Thursday, July 5, 2007

Every Dog Has His Day

66 hot dogs. 66 hot dogs. 66 FREAKING hot dogs. In 12 minutes. That's 5 and a half dogs, every minute. Approximately a hot dog downed every 11 seconds. That's a lot of hot dogs. Also it requires some sort of unnatural ability to eat that many hot dogs in 12 minutes. Give me 12 days, and I could maybe do it, but after eating 5 hot dogs a day for almost two weeks I probably wouldn't want to see another one for a good year or so. And that's coming from a guy who loves hot dogs. I used to eat hot dogs in the dugout during baseball games. I would tell my coach I needed something because of my diabetes, but really I just wanted a hot dog from the ball park, delicious stuff. But back to the point, Joey Chestnutate consumed 66 hot dogs in 12 minutes to defeat 6-time defending champ Takeru Kobayashi who downed only a meager 63 hot dogs, to bring the Nathan's Hot Dog Eating Championship and the coveted Yellow Mustard Belt, back to the U.S.A.; a very fitting American triumph on the 4th of July. Doesn't it just fill you with a sense of patriotism? . . . And nausea?

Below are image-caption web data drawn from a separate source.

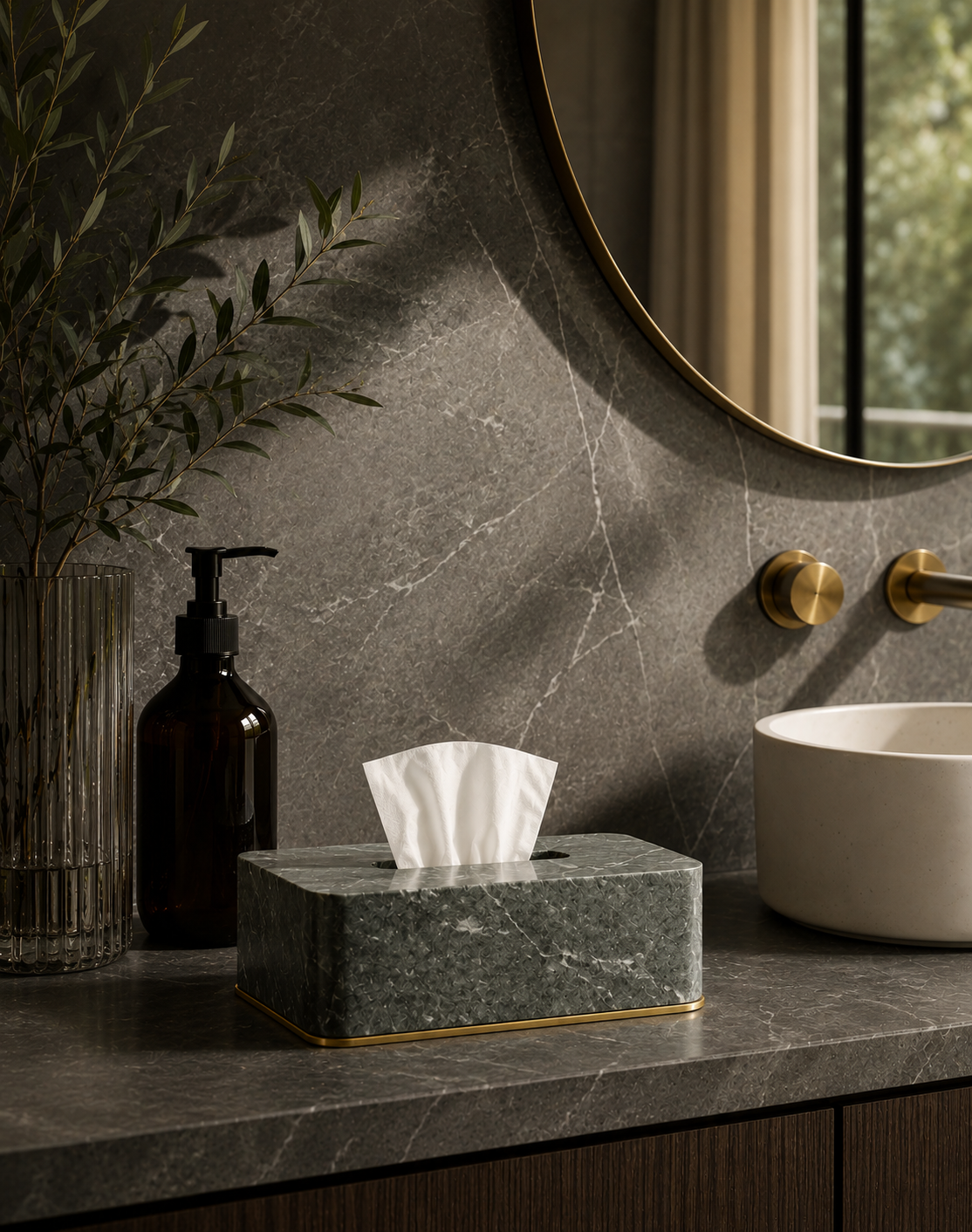 GIOBAGNARA | POLO MARBLE RECTANGULAR TISSUE HOLDER #3 | $1,575.00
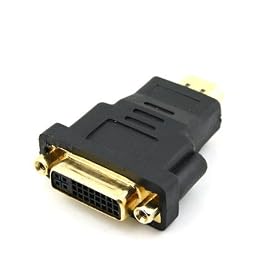Chiworld DVI Female to HDMI Male Adapter Converter Adaptor Gold for HDTV Full HD HDMIC-901867-WSS-1004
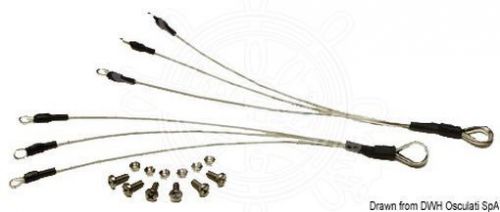 Osculati tension rod kit stainless steel cable for radar reflector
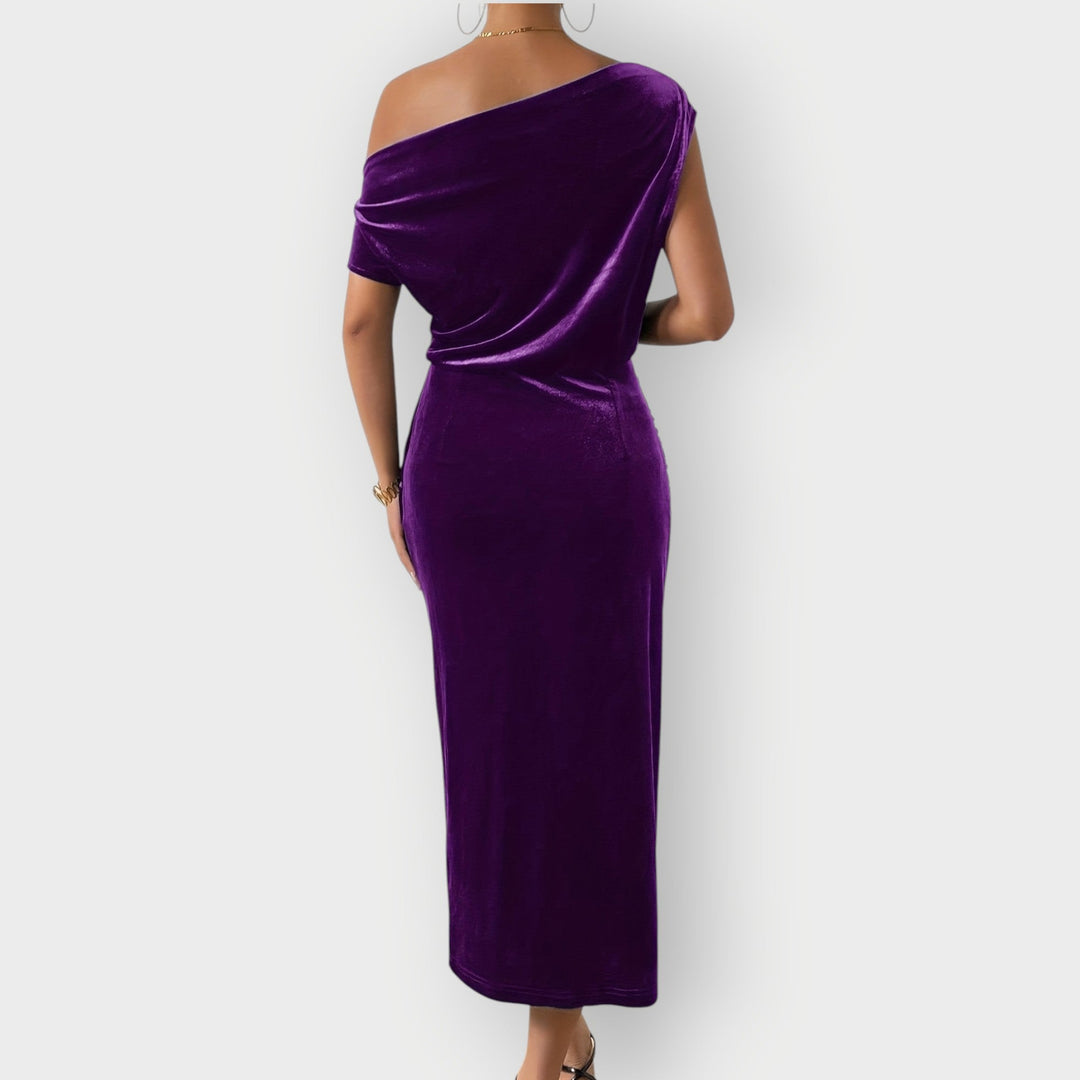 Serena | Luxe Off-Shoulder Midi Dress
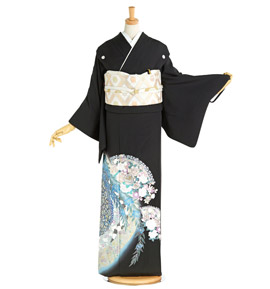 桂由美 黒留袖 No.CA-1408-Mサイズ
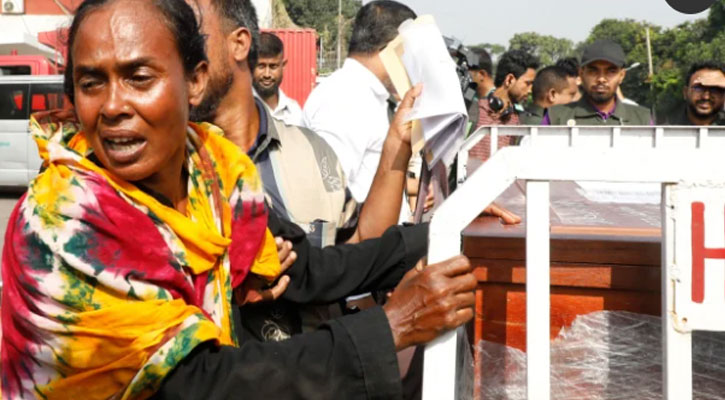 সৌদিতে অগ্নিকাণ্ডে নিহত ৭ বাংলাদেশির মরদেহ পরিবারের কাছে হস্তান্তর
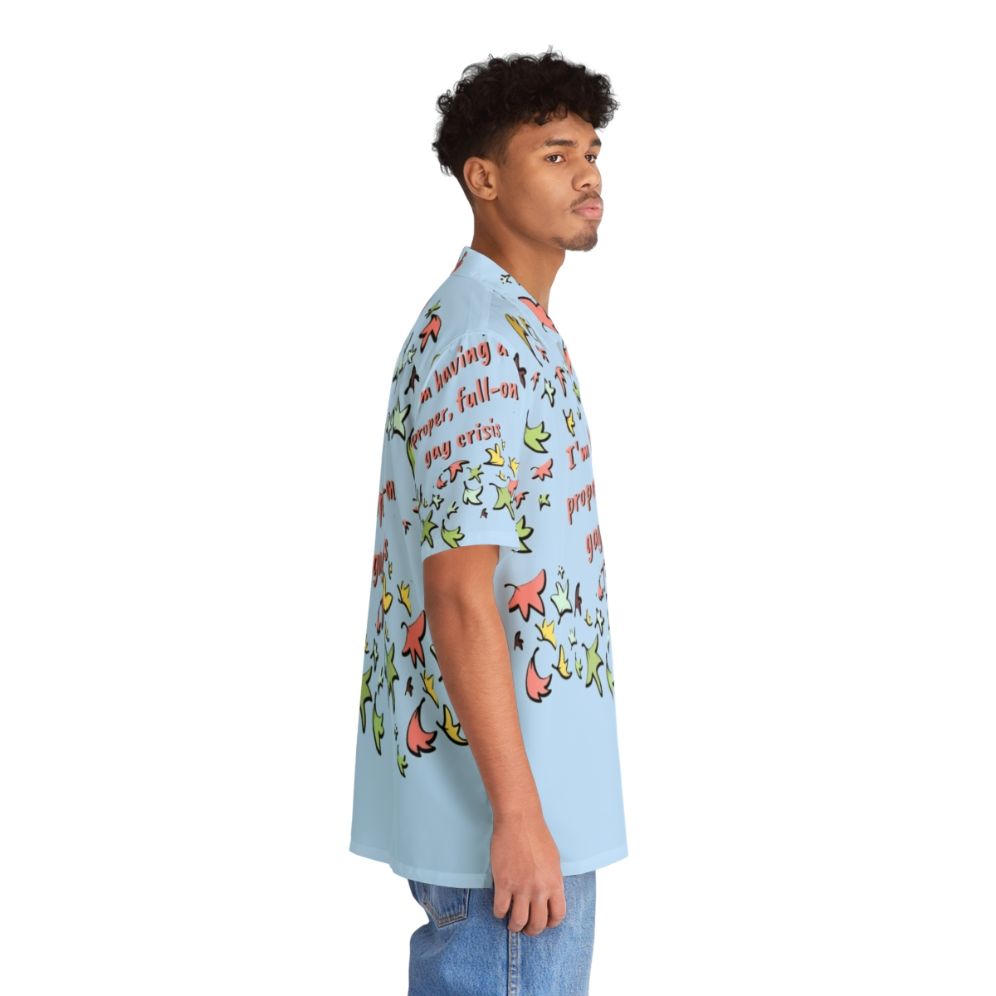 Heartstopper-inspired Hawaiian shirt with leaves pattern - People Pight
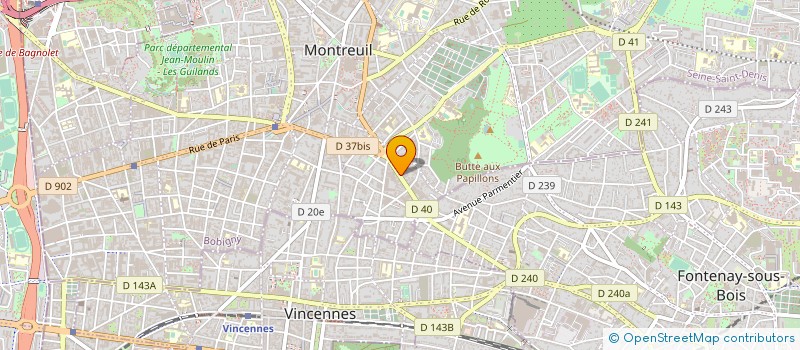 localisation de l'entreprise MONSIEUR PIERRE HUGUENIN à MONTREUIL
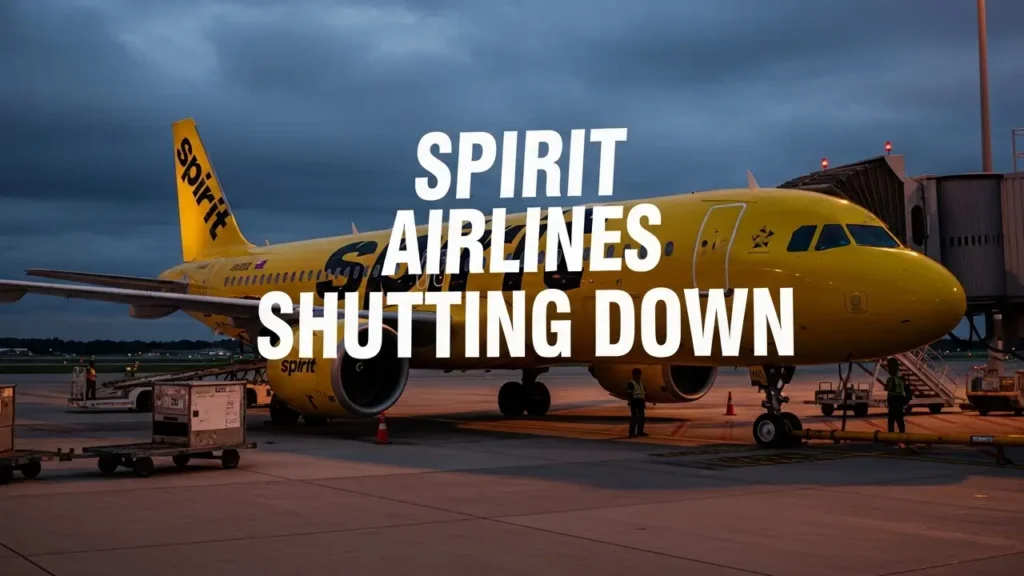 Spirit Airlines Shutting Down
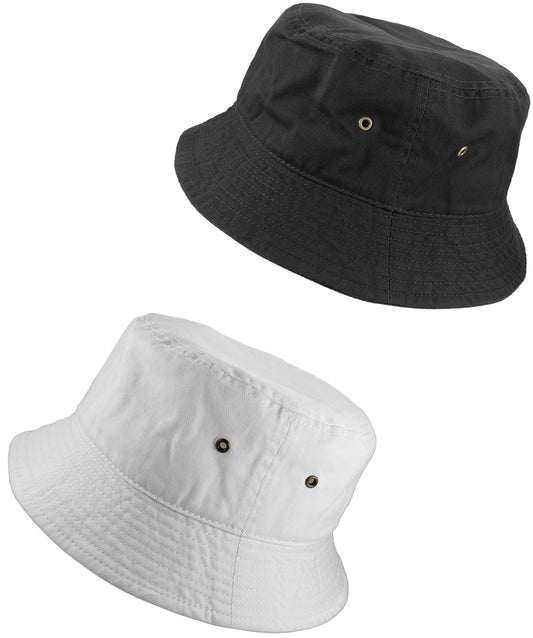 Bucket Hat 100% Cotton Packable Summer Travel Cap. Gray-S/M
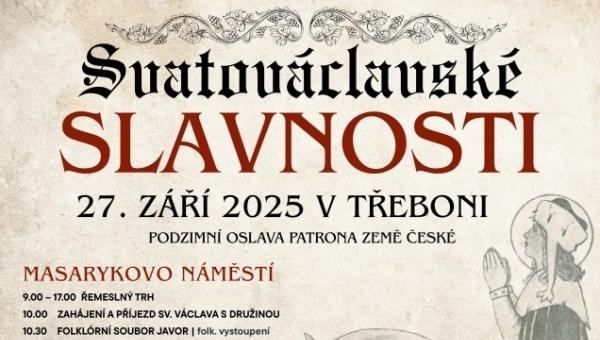 Svatováclavské slavnosti v Třeboni -  27. září 2025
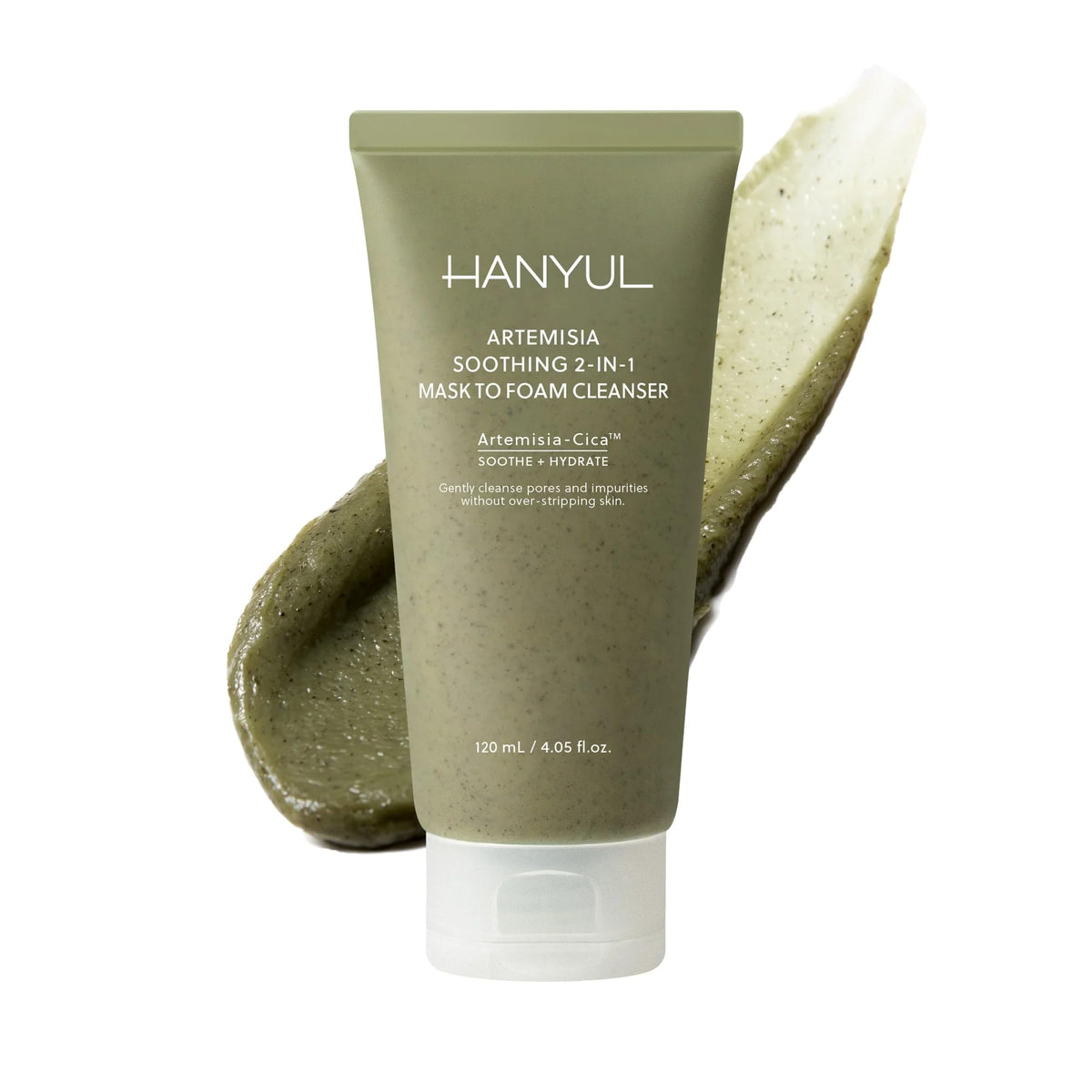 Hanyul Artemisia Soothing 2 in 1 Mask to Foam Cleanser - Hanyul Official Product Imagery - 2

I am not about to defend competitive eating as a sport, I'm still trying to decided whether or not the Bible speaks out against it, but there is no doubt in my mind that it takes a special kind of human being to be involved in this sort of thing. And feel free to take the word special to mean whatever you'd like in this context. I am just saying this isn't one of those things where if you practiced for long enough and committed yourself enough to it that you could make it one ESPN one day, the way trick shot pool or darts or poker might be. Normal people cannot under any circumstances eat that much food. I believe I saw a graphic that said between the hot dogs and the buns the winner would be consuming somewhere in the neighborhood of 20,000 calories. So basically that'd be the equivalent of eating everything you would normally eat over a 10 day period, in the matter of 12 minutes. This would not end well for you. It also probably wouldn't go well for your carpet or whatever type of flooring was in the room where you tried this.

The absolutely crazy thing about competitive eating is the best eaters in the world, aren't even fat. Kobayashi weighed in at 154 pounds this year after tipping the scales at a ripped 170 last year. And I'm not even kidding about that, Kobayashi is jacked. This year's winner, Joey Chestnut weighs 230 pounds but he's 6'1'' and a construction worker, and he's built like a construction worker. Pretty built guy, not what anyone would consider fat. One of the top 5 or 10 eaters in the world is literally a 100 pound girl. The old school of the big fat champions in eating is apparently over. Which makes it a sad for for my favorite competitive eater Eric "Badlands" Booker whose day job is being a rapper from New York, and whose weight probably rivals the combined weights of the 3 previously mentioned eaters. Badlands is a big dude, but it appears his time to shine in the world of competitive eating is coming to and end. Luckily he's got the rap career and his stable of young rappers to fall back on. Hopefully that stable includes about a 1000 rappers because if Booker is falling back on them, they're probably in danger of becoming pavement pizza. I'm sorry, I had to.

So I guess what I'm really getting at is if your stomach can handle it (it takes almost as much intestinal fortitude to watch the competition as it does to participate in it) you should definitely take in a competitive eating event sometime. While it may not be a sport, and while it may be an unholy exhibition, it really is fascinating stuff that deserves to be checked out sometime.


That's all folks.

1 comment:

Amber said...

Come on, now, there was for real smack talk going on for a week before the contest. Doesn't that make it closer to a real sport?

And by the way, where's the commentary on this "Who's Now" idiocy?